Mentor: Charles Brenner, Ph.D.
Lab Room: 4-339 BSB
Lab Phone: 319-384-4099

Development of a Cellular Model of Dnmt1 Activation in Carcinogenesis

DNA methyltransferase 1 (Dnmt1) is the major enzyme responsible for repressive, epigenetic modification of DNA in eukaryotes. During carcinogenesis, it becomes dysregulated to cause hypermethylation-mediated silencing of tumor suppressor gene (TSG). Interestingly, several frequent, cancer-specific alterations have been found to significantly increase Dnmt1 activity, like Ras activation, P53 loss and carcinogen treatment.
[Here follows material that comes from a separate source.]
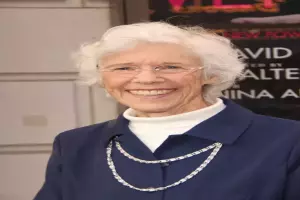 Frances Sternhagen murió en noviembre de 2023.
However, the resulting methylomes are not necessarily the same, indicating different mechanisms of Dnmt1 activation will result in different patterns of DNA methylation. Therefore, our purpose is to establish stable clones in immortalized human bronchial epithelial cells (HBEC3) and analyze the methylation consequences of Dnmt1 activation. Moreover, Dnmt1 consists of a series of globular domains N-terminal to the catalytic domain, all of which are implicated in functions essential for maintenance of DNA methylation. However, in our lab, in vitro evidence was recently presented that the replication foci targeting sequence (RFTS) is an inhibitor of DNA-binding and catalytic activity. To test the hypothesis that RFTS is a negative regulator of Dnmt1 activity, cellular expression systems for Dnmt1 mutants were established. Data indicate that the deltaRFTS allele of Dnmt1 is activated for transformation. Expression of Dnmt1-deltaRFTS results in reduced global DNA methylation, and methylation and silencing of TSGs. These data demonstrate that the deltaRFTS form of Dnmt1 is hyperactivated.